I understand that the theoretical size of a diff patch between two similar files can be calculated using Kullback Leibler (KL) as described @ [Wikipedia][1].  Can anyone point me to a numerical example of this calculation?  I can only find general theory and formulae. I'd like to check my work.  So this is what I have so far...

[![KLD graph][2]][2]

This is a graph of the individual divergences for each byte probability between two files, say P and Q.  They are calculated according to the standard log formula for divergence.  The byte values (0-255) are along the bottom.  You can see that the divergences are both positive and negative.  

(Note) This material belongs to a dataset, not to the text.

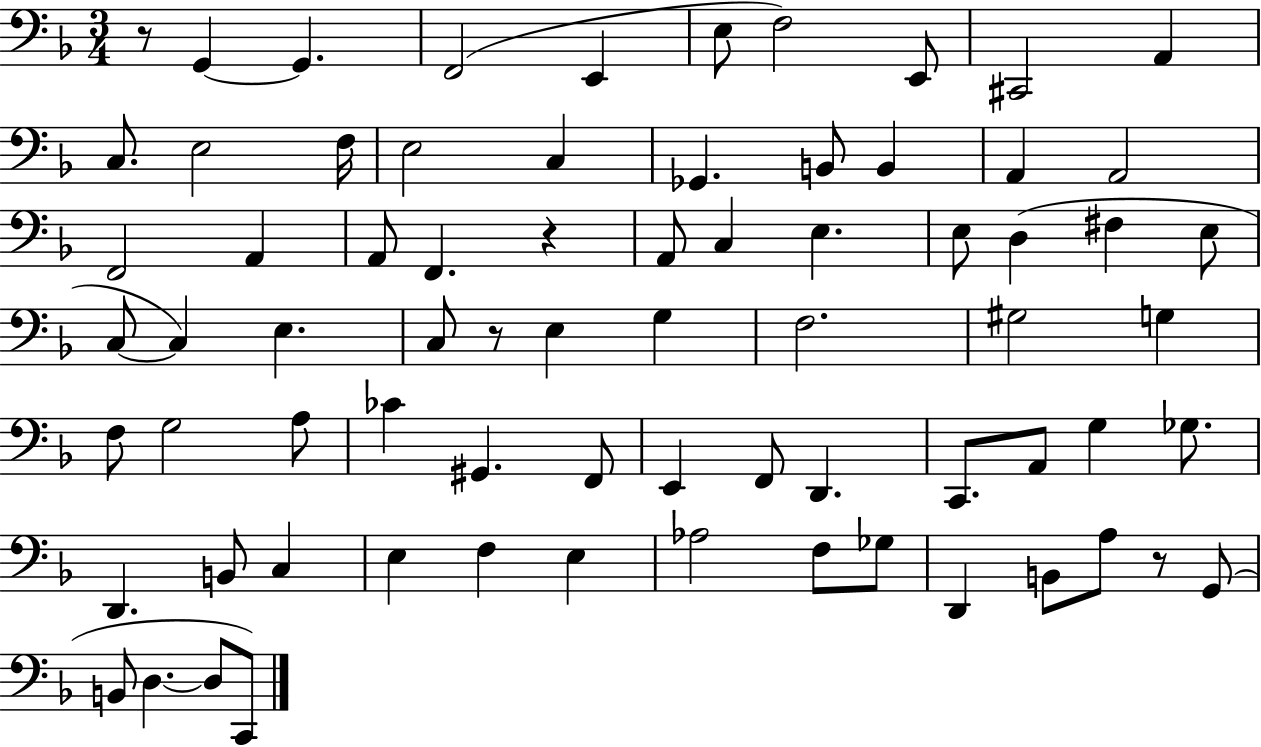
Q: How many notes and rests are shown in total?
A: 73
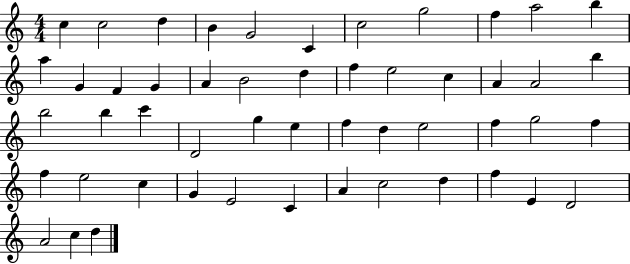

I am unsure as to what the units of the y axis are, but following on from Shannon entropy, they must be bits per byte.  And they're small values.  The sum of all the divergences, keeping sign, is 0.019 bits /byte.  Both file sizes are approximately 20KByte, so can I say that the theoretical patch size going from P to Q is 20,000 * 0.019 = 380 bits or 48 bytes?  

This feels wrong.  If the graph represents the patch size somehow, then I cannot see how the information contained in this complex shaped graph can be encoded in just 48 bytes.  There are no examples anywhere on the Interweb that I can find. 

One further thing.  The above is for two similar files.  If P or Q should be totally random (from a random number generator), the KL divergence calculation = approx. 0.5.  This at least makes some semblance of sense if you think about all of the bits from P to Q being on average 50% different due to the randomness.  Perhaps 48 bytes is correct.  Err, um...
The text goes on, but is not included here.